William, I'll take your analysis one step further. Your analysis makes no sense. The following is what you SHOULD have done, which shows the strength of ONSL's concept.
1. There were 232,000 orders in 4th quarter, of which 169,360 were to repeat customers. So 62,640 of the orders were to new customers
2. There were 418,000 registered bidders at end of 4th quarter, up 30% from prior quarter. So there were 321,538 bidders at end of 3rd quarter and therefore 96,462 new customers were added in 4th quarter.
3. These 96,262 new customers made 62,640 orders in the 4th quarter, which is .65 orders for each new customer (62,640/96,262 = .65).

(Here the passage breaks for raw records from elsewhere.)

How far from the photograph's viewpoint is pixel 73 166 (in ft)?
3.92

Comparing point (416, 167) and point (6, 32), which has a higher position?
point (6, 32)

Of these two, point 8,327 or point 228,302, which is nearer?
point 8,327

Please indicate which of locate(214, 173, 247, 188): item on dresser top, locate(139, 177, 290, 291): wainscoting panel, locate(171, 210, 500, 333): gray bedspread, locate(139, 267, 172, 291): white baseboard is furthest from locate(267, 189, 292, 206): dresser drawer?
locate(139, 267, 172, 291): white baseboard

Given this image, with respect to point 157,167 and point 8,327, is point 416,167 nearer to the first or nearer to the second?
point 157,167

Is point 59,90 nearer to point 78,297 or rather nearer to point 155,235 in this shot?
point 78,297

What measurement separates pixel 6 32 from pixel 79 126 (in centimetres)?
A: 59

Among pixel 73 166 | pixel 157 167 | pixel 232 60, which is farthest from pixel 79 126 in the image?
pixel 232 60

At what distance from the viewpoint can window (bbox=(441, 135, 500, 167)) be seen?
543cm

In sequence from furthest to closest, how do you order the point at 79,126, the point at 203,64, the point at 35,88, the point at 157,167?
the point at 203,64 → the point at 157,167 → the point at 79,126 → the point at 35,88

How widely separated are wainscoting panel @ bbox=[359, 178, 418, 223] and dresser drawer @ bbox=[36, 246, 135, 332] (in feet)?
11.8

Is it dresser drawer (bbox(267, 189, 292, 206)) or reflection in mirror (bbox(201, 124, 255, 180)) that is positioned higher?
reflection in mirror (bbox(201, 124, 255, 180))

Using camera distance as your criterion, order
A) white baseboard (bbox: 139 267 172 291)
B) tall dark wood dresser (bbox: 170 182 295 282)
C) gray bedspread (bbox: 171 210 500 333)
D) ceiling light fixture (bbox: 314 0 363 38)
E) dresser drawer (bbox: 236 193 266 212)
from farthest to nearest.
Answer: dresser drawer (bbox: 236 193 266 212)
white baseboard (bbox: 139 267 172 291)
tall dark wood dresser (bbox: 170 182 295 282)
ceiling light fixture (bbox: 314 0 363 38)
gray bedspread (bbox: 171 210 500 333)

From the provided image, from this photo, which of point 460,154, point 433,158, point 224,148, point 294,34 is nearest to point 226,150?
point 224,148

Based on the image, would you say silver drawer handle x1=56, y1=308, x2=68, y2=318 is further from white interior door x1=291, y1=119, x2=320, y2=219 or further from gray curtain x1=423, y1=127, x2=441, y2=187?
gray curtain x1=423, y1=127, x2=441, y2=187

4. Let's assume that the "repeat" orders all came from the customers who already existed before 4th quarter. (I think this is the correct way to think of it. If anyone else has another idea, please share it.) The repeat customers made 169,360 orders in the 4th quarter, which is .53 orders for each pre-existing customer (169,360/321,538 = .53).

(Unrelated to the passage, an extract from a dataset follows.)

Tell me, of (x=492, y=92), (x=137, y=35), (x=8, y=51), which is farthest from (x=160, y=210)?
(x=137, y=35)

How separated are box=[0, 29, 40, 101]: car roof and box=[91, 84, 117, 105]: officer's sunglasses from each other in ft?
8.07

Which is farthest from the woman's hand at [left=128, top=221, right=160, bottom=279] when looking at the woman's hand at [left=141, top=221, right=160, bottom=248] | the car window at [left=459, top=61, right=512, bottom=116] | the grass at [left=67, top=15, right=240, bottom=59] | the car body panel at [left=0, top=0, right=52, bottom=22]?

5. I would expect orders per customer to be higher for newly registered bidders (this is the .65 number) than for pre-existing bidders, since the reason someone probably registers in the first place is to place an order. However, the orders per customer for pre-existing customers is also very high, .53, which shows the loyalty of ONSL's customer base and the health of their business.